Include in same sentence and second word after first word, processor 120 can obtain if inputted The second data are obtained, wherein the second vector corresponding with second word is based on the first random matrix and is mapped to vector space.With In upper example, processor 120 can obtain the second data, wherein by will be with multiplied by the first random matrix by the second vector Corresponding second vector of two word "Yes" is mapped to n-dimensional vector space.
Processor 120 can generate third data based on the first data and the second data.For example, processor 120 can be with (LSTM) method, which is remembered, by shot and long term generates third data based on the first data and the second data.LSTM method is the prior art, And it therefore will not provide its detailed description.Processor 120 is also based on the weighted sum of the first data and the second data and gives birth to At third data.
Processor 120 can obtain recovery vector based on the second random matrix from third data.Second random matrix It can have the size of " n × m " and can have random element, and the data that can be used for will be mapped to n dimension revert to Vector.Therefore, the size of the transposed matrix of the first random matrix can be identical as the size of the transposed matrix of the second random matrix.
Restoring vector can have size " 1 × m ".The value of each column can be between 0 and 1, and the value of all column With can be " 1 ".

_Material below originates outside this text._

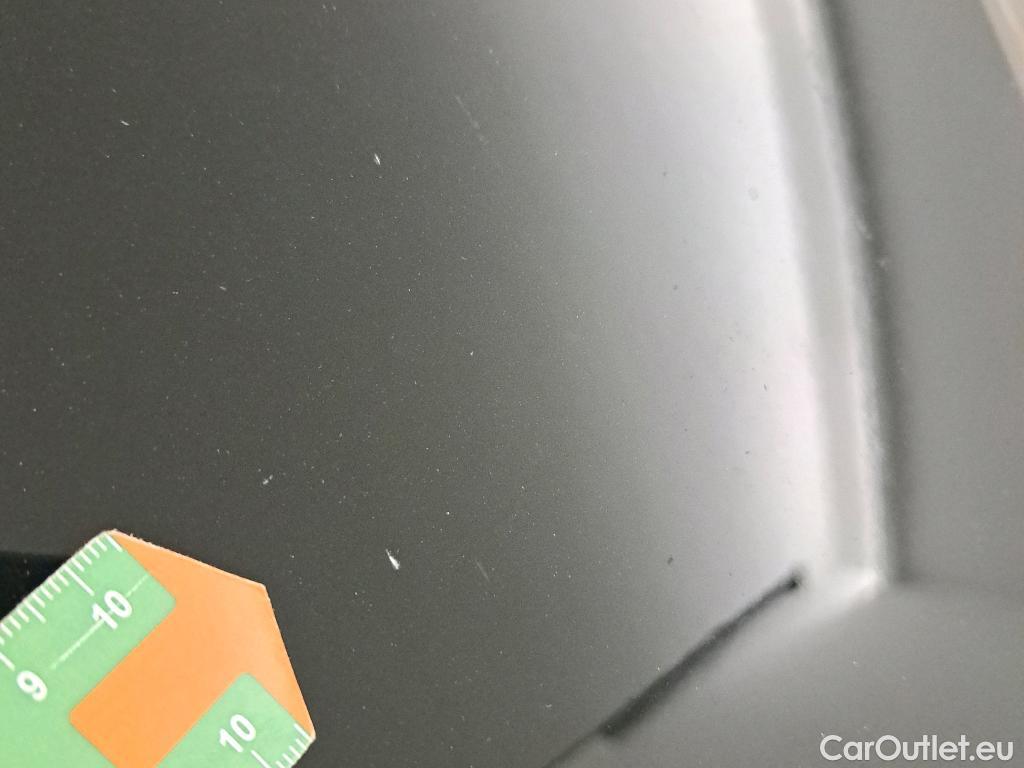  Volvo  V60 VOLVO  / 2018 / 5P / familiar 2.0 B3 (G) Essential Auto #32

Processor 120 can be based on restoring between vector and third vector corresponding to the third word after second word Difference and update the element of the first random matrix and the second random matrix, and execute training.In the above examples, third Word can be "one", and processor 120 can update the element of the first random matrix and the second random matrix, so that by extensive Complex vector is restored to corresponding to "one" third vector of third word.
Processor 120 can execute above procedure for each sentence.For example, processor 120 can receive word, " I is one It is a ", each of word is mapped to n dimension, restore weight sum according to and obtain and restore vector, based on restoring vector and correspond to Difference between the four-vector of word " boy " and the element for updating the first random matrix and the second random matrix, and based on more New element and execute training.In other words, processor 120 can be based on greater numbers more than two words in a sentence Word and execute training.Processor 120 can also execute training based on a word.
Processor 120 can complete training relevant to a sentence, and be executed and another language by above method The relevant another training of sentence.In this case, processor 120 can not consider to complete the previous sentence of training.In other words, Processor 120 can execute to sentence training one by one, and can execute by various methods with the word in a sentence it Between the relevant training of relationship.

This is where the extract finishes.